En la fiesta bailamos juntos, la sentí tan cerca de mí, sobre todo cuando bailábamos merengue y salsa o una música suave. Olí su perfume, ese día olías a chupete de fresa B. Sentí su tersa piel blanquecina y su voz susurrándome al oído cositas que cada vez iban calentando el ambiente y eran el presagio de un beso, como dice Juan Luis Guerra. Y llegó el momento. Ya cuando nos íbamos ella me dijo que la disculpara porque le había dicho a uno de sus amigos que yo era su enamorado, y yo para emular su comportamiento y hacer más feeling la conversación le dije que había hecho lo mismo con una chica que se me acercaba mucho mientras bailábamos. Seguro me habías estado mirando B.
Mientras caminábamos hacia su casa fuimos conversando sobre nosotros, si la había pasado bien, si se había divertido hasta que me lancé. Al principio me dijo que le gustaba otro chico entregado a la vida religiosa por completo. Me hirió, pero después retomé fuerzas y le dije que era linda, que cómo iba a estar con un chico así, hasta que le propuse: B que te parece si para acortar camino nos vamos por acá, le dije señalándole un lugar oscuro. Ella aceptó.
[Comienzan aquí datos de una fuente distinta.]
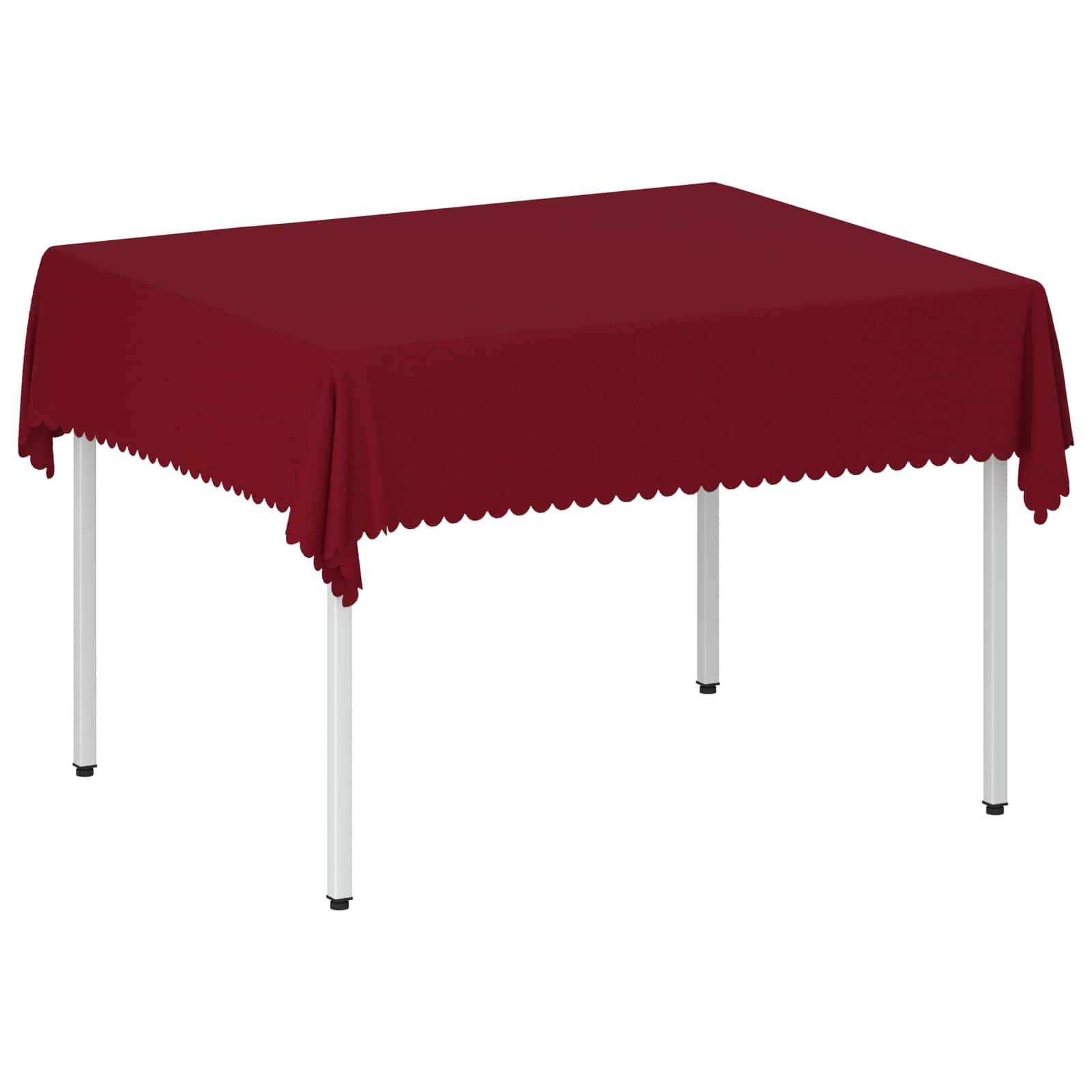 Ein rechteckiger Tisch mit einer dunkelroten Tischdecke, isoliert auf weißem Hintergrund dargestellt.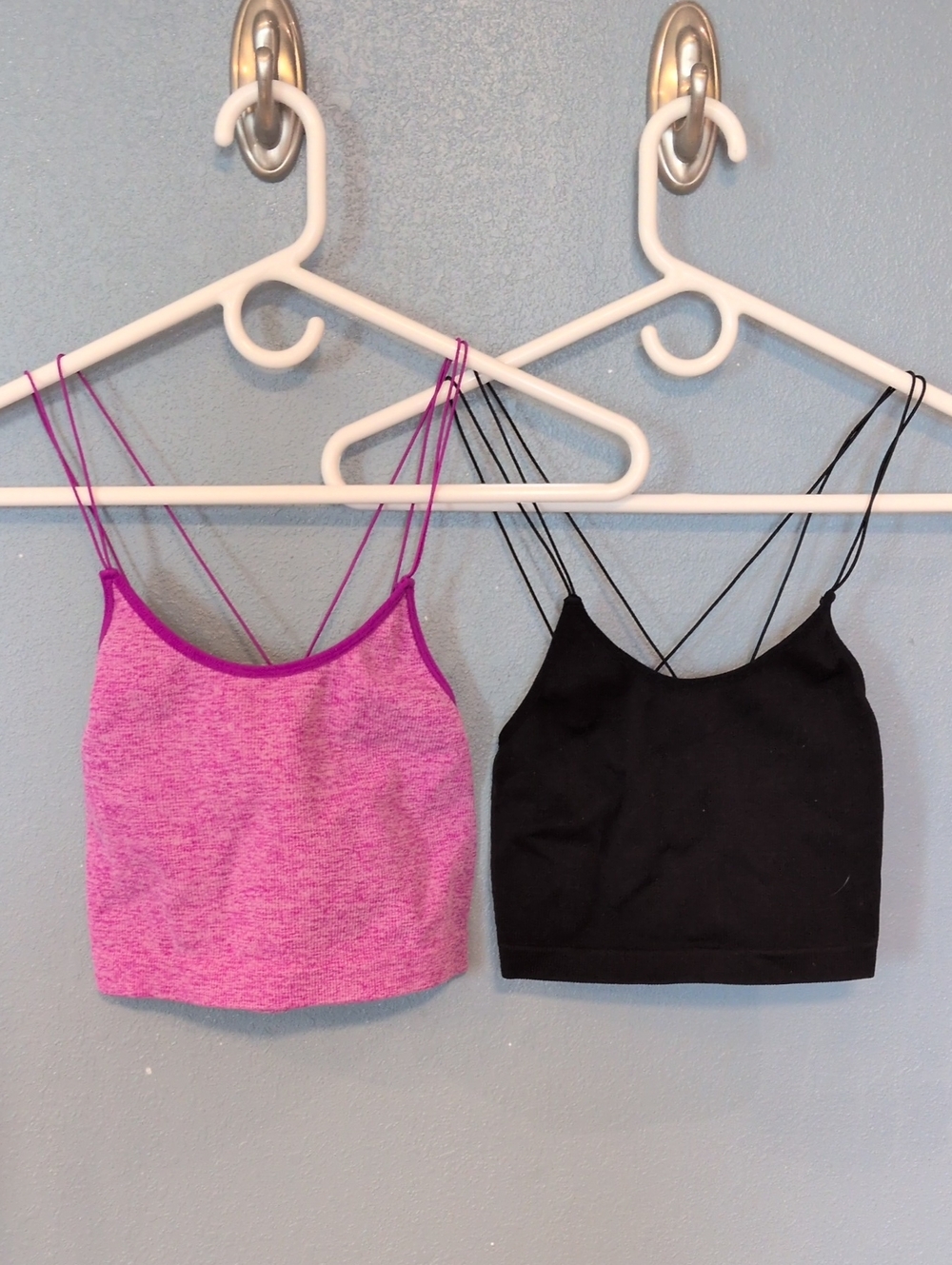 No Boundaries Strapy Crisscross Ribbed Knit Sports Bras Activewear Athletic Gym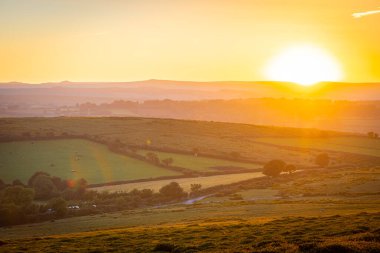 Akşamları Dartmoor Milli Parkı manzarası, İngiltere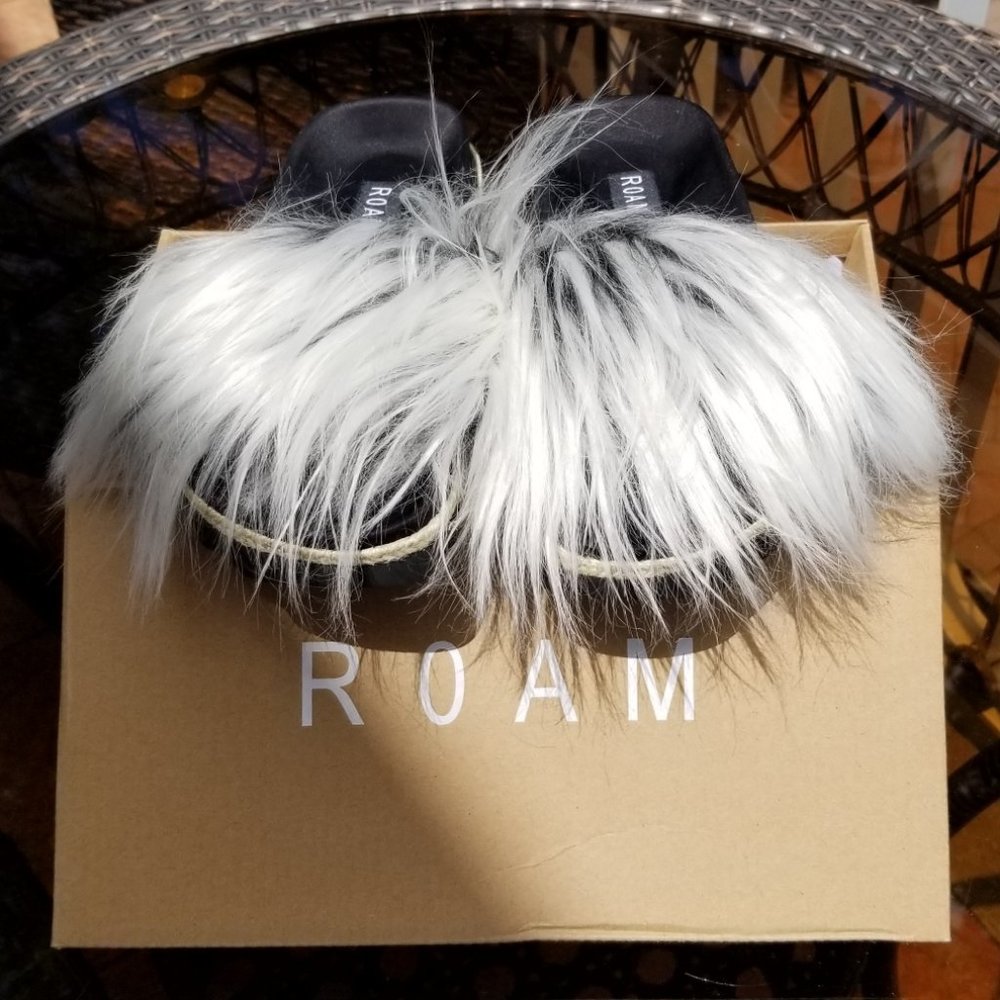 ROAM Faux Fur Slides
Ya en el lugar, la abracé y nos besamos, Fue el beso más rico que he sentido en mi vida.
Ahí empezó ese amor que hasta hoy chorrea a borbotones por cada vena de mi cuerpo. Mis hermanas nunca la pasaron porque decían que era una chica un poco movida. Ustedes que opinan mis queridos amigos. espero me ayuden con este amor entre paréntesis.